I recently used Singapore Airlines to fly to Asia and I used their internet
service. It was very clear what the charges were, $10 for 10 MB of internet
access, and $0.15 per 100 KB overage. I even took a picture of it because I
was shocked at how expensive it was, but it was very clear what the price was.

The author apparently didn't care to read the very clear instructions, and
didn't monitor his usage, which the connection also provided. If he was
charged $1200, that's more than 500MB of data usage, so he clearly was doing a
lot more than uploading a 4MB file and 155 page views.

------
incision
While I certainly question a system that allows a person to run up such a
steep tab in the first place, this story smells.

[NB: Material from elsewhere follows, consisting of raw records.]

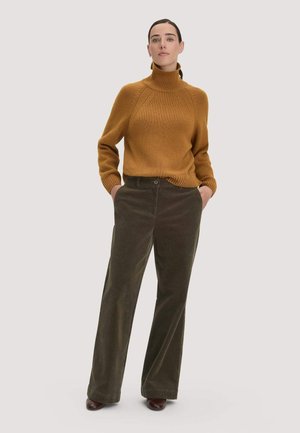 Vrouw staat met handen in de zakken, draagt een mosterdkleurige coltrui en donkergroene wijde corduroy broek met bruine schoenen.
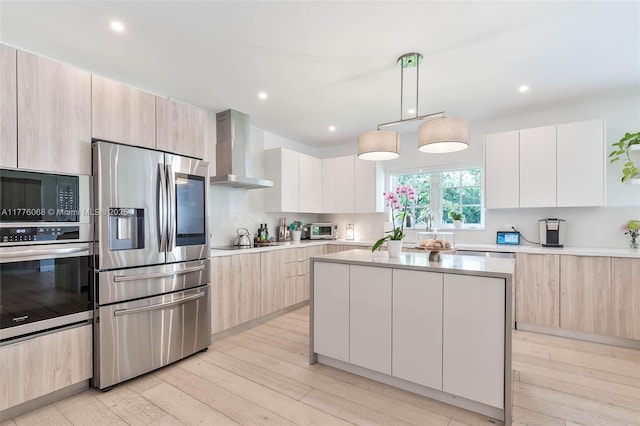 kitchen with wall chimney range hood, black appliances, and modern cabinets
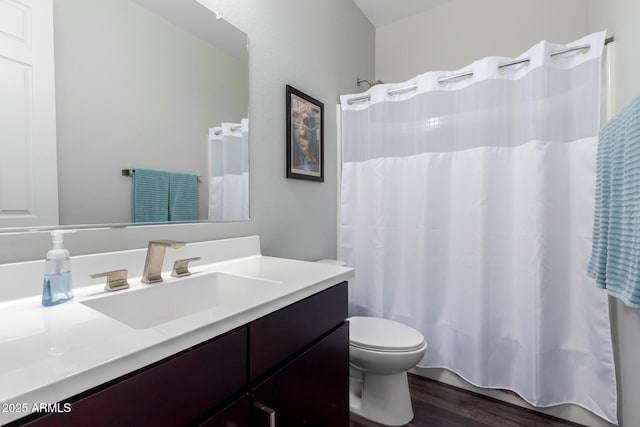 bathroom with toilet, wood finished floors, and vanity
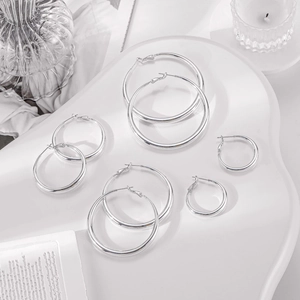 Detailed set of four silver metal hoop earrings in various sizes on a white tray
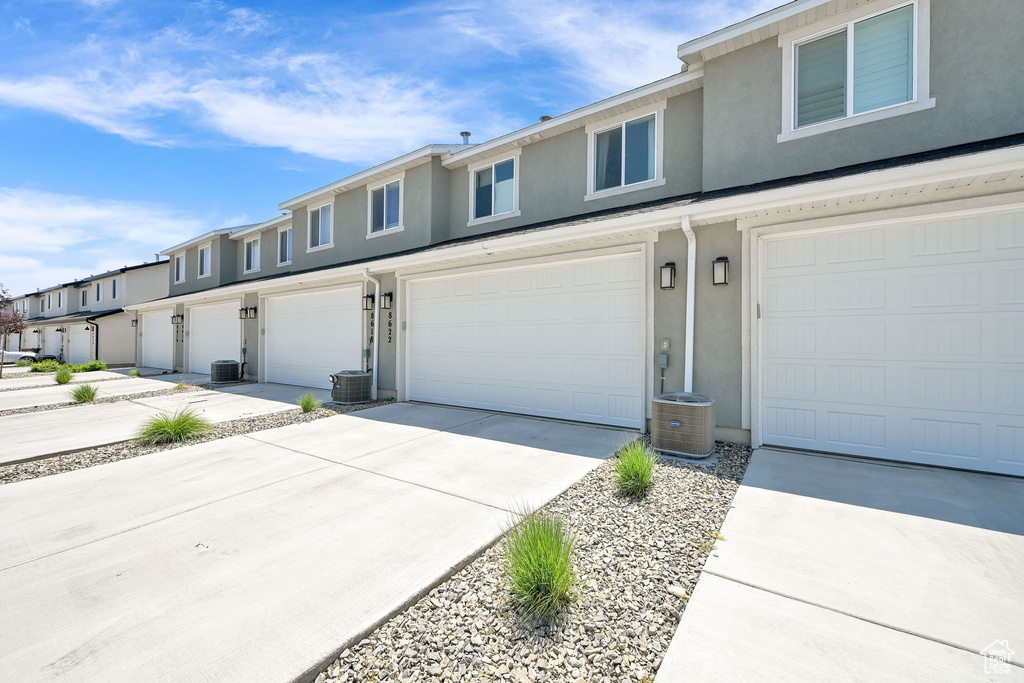 Multi unit property with stucco siding, an attached garage, driveway, and central air condition unit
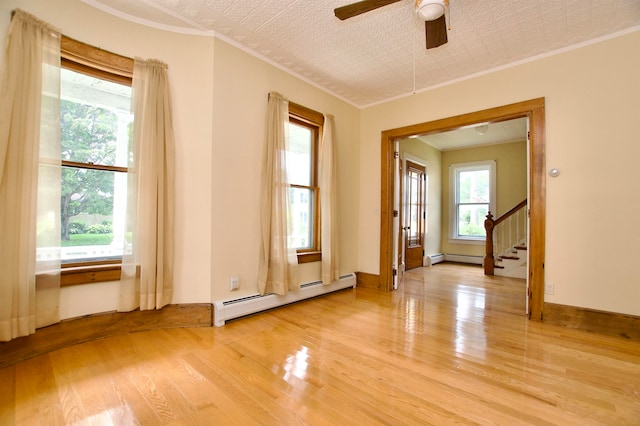 interior space featuring light hardwood / wood-style flooring, ornamental molding, a textured ceiling, ceiling fan, and baseboard heating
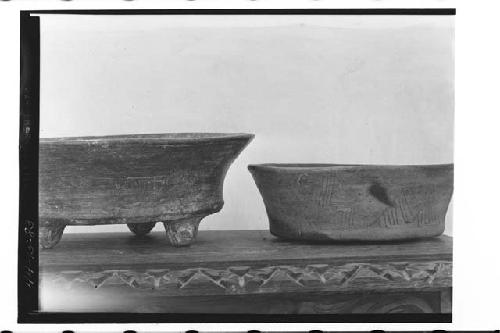 Two black ware dishes with incised designs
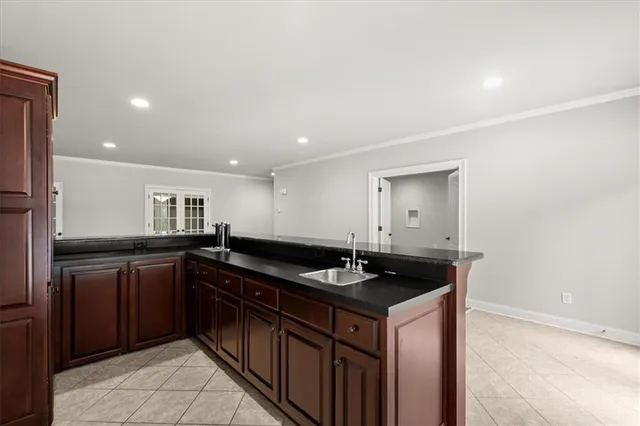 a kitchen with a sink and cabinets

 _> "So what does it take to rack up $1200 of internet use? In my case, just
155 page views, mostly to my email."_

Looking at SA per MB pricing [1] you'd need to pull down just shy of 1.2GB to
be charged that much - 7.5MB per "page view". Personally, my Gmail and Outlook
Inbox are a few hundred K each.

So maybe the author just doesn't know what he's talking about? according to
his bio [2]...

 _> "Today, I design and code Trend Hunter until 4am because I like it."_

It would seem likely that statement is an exaggeration, the one about the
number of page views is disingenuous or both.

Either way, the author loses credibility.

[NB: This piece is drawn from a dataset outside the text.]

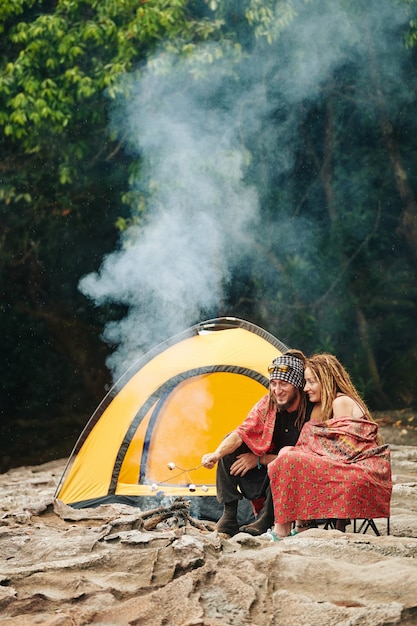 Couple in blanket making smores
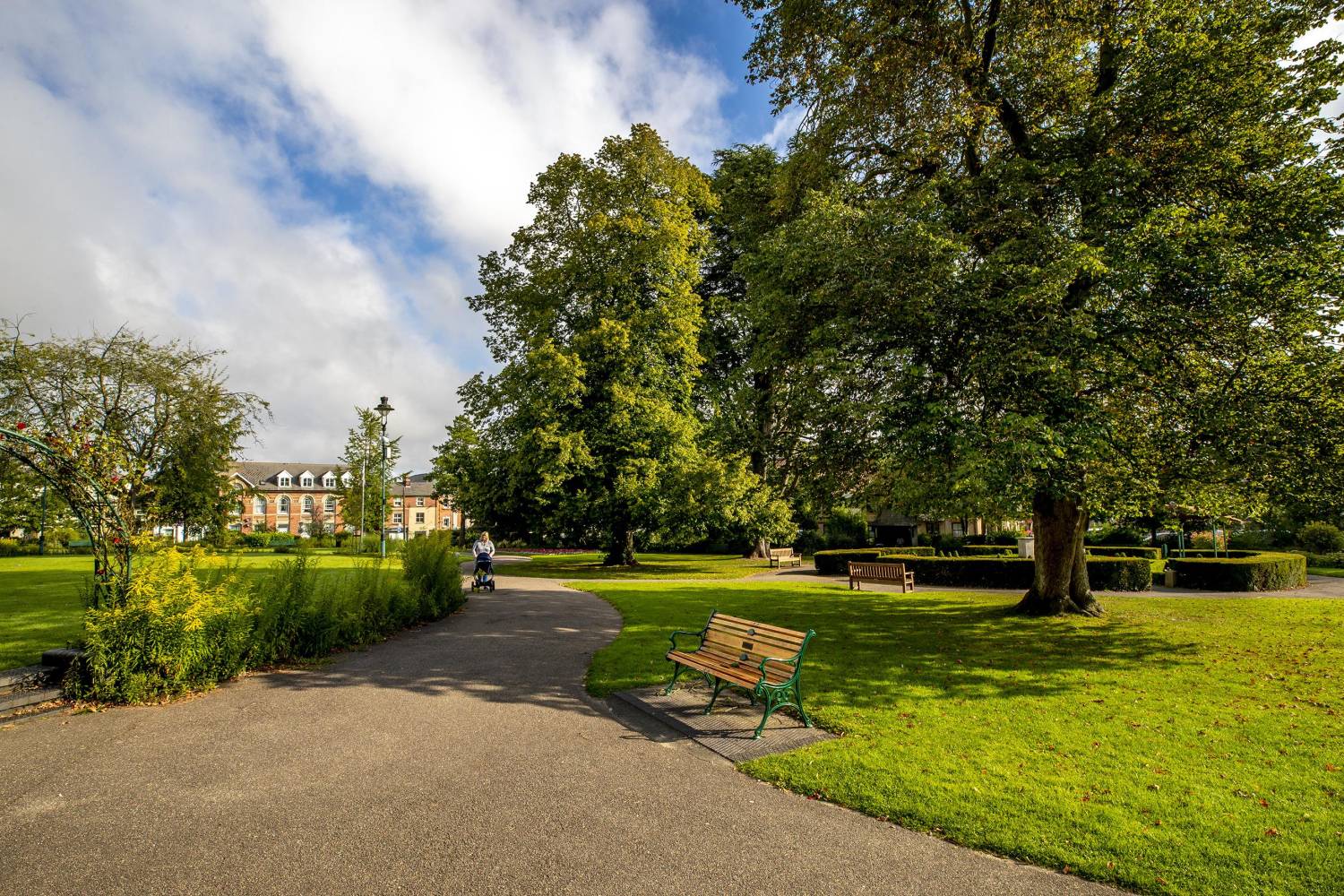 Image - Halstead Public Gardens with a women walking on a path near trees and field.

In any case, the author is apparently the globe trotting, baja racing, "rule
breaking", former banker son of a VC [2] - he can surely afford to pay for -
at best - failing to pay attention to the terms.

1:
[http://www.singaporeair.com/jsp/cms/en_UK/flying_with_us/inf...](http://www.singaporeair.com/jsp/cms/en_UK/flying_with_us/inflight-
connectivity.jsp)

2: [http://www.trendhunter.com/Jeremy](http://www.trendhunter.com/Jeremy)

------
benjohnson
If it was an over the water flight - it most likely was using using a
satellite connection.

Those are always expensive and Singapore Airlines is passing the costs onward.

For example an Iridium phone is about $.75 for 9600 baud per minute, and
Inmarsat BGAN is $450 for 100 MB.

There are other satellite services, but in the general aviation field that I
know, Iridium and BGAN are the two biggies.

------
robgibbons
"the pricing per mb was disclosed on sign-up"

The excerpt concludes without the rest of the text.